Single by Primus

from the album Brown Album
- Released: 1997
- Length: 4:02
- Label: Interscope
- Songwriters: Les Claypool, Larry LaLonde, Bryan Mantia
- Producer: Primus

Primus singles chronology
| "Southbound Pachyderm" (1995) | "Shake Hands with Beef" (1997) | "Over the Falls" (1997) |

= Shake Hands with Beef =

"Shake Hands with Beef" is a song by the American rock band Primus. It was released on their fifth album Brown Album (1997). The song was also released as the first single from the album.

The song's title and chorus refers to a vegetarian friend of singer Les Claypool who would occasionally eat meat and refer to the occasion as "shaking hands with beef"; Claypool has interpreted the phrase as a "metaphor for deviating from the norm".

==Music video==
The video, directed by Les Claypool, features him, Larry LaLonde, and new drummer Bryan Mantia dressed in orange and brown playing atop a garbage can the size of insects, while a family grills up a dinner of hamburgers in front of their trailer home. At certain points, Claypool and LaLonde grow insect wings and buzz around the barbecue, only to get swatted at by the family members, with Claypool eventually flying into a bug zapper.

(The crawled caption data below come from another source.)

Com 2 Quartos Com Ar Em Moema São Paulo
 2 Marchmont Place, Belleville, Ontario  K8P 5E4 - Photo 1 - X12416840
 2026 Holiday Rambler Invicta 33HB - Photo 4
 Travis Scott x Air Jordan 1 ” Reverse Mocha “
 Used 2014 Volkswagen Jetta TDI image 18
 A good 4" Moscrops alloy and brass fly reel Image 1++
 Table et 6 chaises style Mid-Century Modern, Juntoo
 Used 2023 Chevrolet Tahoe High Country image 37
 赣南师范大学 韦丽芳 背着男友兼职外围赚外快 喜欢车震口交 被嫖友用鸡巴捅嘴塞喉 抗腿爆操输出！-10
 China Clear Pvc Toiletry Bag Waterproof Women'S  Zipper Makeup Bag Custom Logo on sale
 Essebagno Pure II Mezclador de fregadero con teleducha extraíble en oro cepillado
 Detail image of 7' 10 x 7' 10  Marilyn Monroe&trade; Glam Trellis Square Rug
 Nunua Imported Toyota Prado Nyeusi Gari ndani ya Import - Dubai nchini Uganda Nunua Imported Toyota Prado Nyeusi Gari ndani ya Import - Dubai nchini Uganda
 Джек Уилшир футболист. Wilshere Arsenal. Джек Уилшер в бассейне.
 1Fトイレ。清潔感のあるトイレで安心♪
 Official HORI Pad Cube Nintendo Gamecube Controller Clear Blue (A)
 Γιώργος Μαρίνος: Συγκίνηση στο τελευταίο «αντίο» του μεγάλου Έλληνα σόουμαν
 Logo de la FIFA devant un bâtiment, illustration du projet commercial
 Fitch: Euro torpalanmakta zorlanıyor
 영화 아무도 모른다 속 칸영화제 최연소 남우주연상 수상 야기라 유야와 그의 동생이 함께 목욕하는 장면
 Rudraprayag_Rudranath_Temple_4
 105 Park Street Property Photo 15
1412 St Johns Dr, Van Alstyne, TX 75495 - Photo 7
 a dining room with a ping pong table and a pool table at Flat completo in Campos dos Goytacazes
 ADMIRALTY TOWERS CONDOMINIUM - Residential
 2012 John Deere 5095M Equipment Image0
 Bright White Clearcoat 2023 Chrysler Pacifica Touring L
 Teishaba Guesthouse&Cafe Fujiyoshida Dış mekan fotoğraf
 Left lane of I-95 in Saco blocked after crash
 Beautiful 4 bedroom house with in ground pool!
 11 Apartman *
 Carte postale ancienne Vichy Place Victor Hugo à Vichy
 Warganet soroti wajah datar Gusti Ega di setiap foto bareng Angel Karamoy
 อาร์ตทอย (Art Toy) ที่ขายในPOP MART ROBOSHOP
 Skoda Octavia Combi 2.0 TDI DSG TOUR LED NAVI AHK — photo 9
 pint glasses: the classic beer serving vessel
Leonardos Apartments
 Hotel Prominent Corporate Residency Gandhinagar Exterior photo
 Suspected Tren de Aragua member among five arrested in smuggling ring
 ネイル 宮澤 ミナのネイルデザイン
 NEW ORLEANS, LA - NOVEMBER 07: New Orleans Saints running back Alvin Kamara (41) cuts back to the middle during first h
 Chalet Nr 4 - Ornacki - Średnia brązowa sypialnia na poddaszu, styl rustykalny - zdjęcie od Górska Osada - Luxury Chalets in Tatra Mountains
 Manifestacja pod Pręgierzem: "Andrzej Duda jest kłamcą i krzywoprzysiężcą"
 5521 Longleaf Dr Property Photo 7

The video was recorded at a slower pace and sped up, making the band members appear to be making strange, jerky, insect-like motions reminiscent of flies.

==Other versions==
The song was performed live for the first time with Bryan "Brain" Mantia on drums on Late Night with Conan O'Brien in 1997. An extended version of this song appears on Primus' "Best Of" album, They Can't All Be Zingers.

==Reception==
AllMusic writer Stephen Thomas Erlewine chose "Shake Hands with Beef" as one of the 3 highlights on the album, writing that the song "has a reasonably amusing adolescent lyric, but the real attraction of the song is how its thunderous bass riff weaves in and out with the syncopated drums and avant guitar".